I'd like to propose a different approach:

• Fix the current behavior by adding a check that forget refuses to work, if any snapshot group would end up with zero snapshots. This check would necessarily have to happen at runtime of the command, and cannot be checked before hand.
• Add an --unsafe-allow-remove-all option for the forget command. This will disable the above check.
• To prevent the worst cases of fat fingering, --unsafe-allow-remove-all must refuse to work unless a host/path/tag filter is specified or any other --keep-* option. This adds a new feature: users can then delete all snapshots from a specific host using e.g. restic forget --host old-host --unsafe-allow-remove-all.

Are you still interested in adapting and finishing this PR or should I take over?

[MichaelEischer]

A snapshot must match all tags within a single taglist (AND), but the taglists are combined using OR.

[schoettl]

Oh, that sounds like a more complicated fix. I'd be happy if you take over, I'm afraid I don't have the expertise and time, currently.

[arberg]

Michael I also like that option, and as I can recall from the forum, some would indeed appreciate that delete-all option. I think its fine with the '--unsafe-allow-remove-all', though adding the extra requirement of path/host/tag also sounds good.

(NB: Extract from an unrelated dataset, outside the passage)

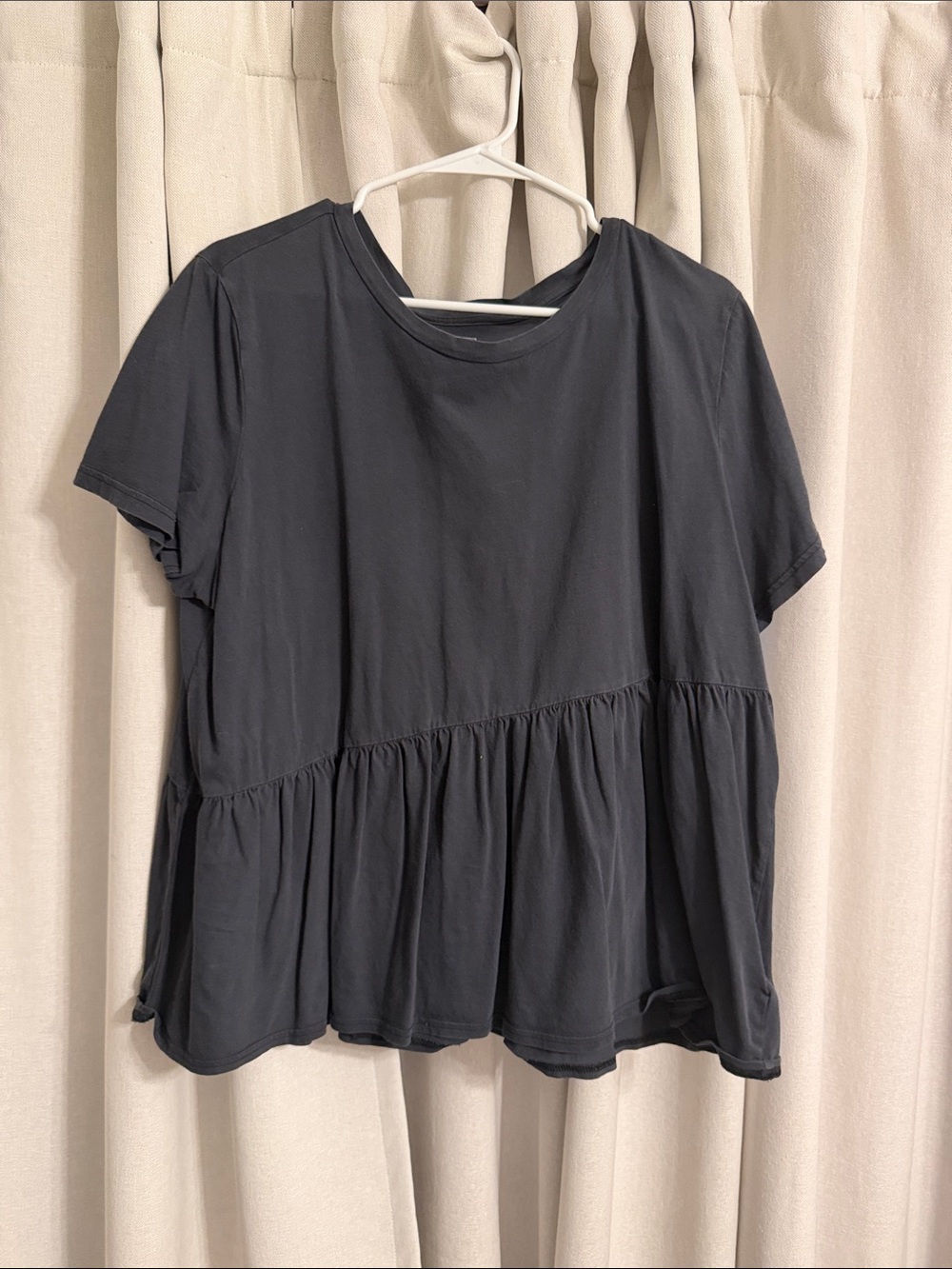GAP Black Short Sleeve Peplum Tee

I also won't have time at the moment and have yet evolved my go-mastery.

[MichaelEischer]

I've opened #4764 as a replacement for this PR. Different from my previous suggestion that PR currently always forbids the complete deletion of a whole snapshot group if any --keep-* policy was specified. This means that forget --keep-tag invalid will always result in an error, even if --unsafe-allow-remove-all was specified.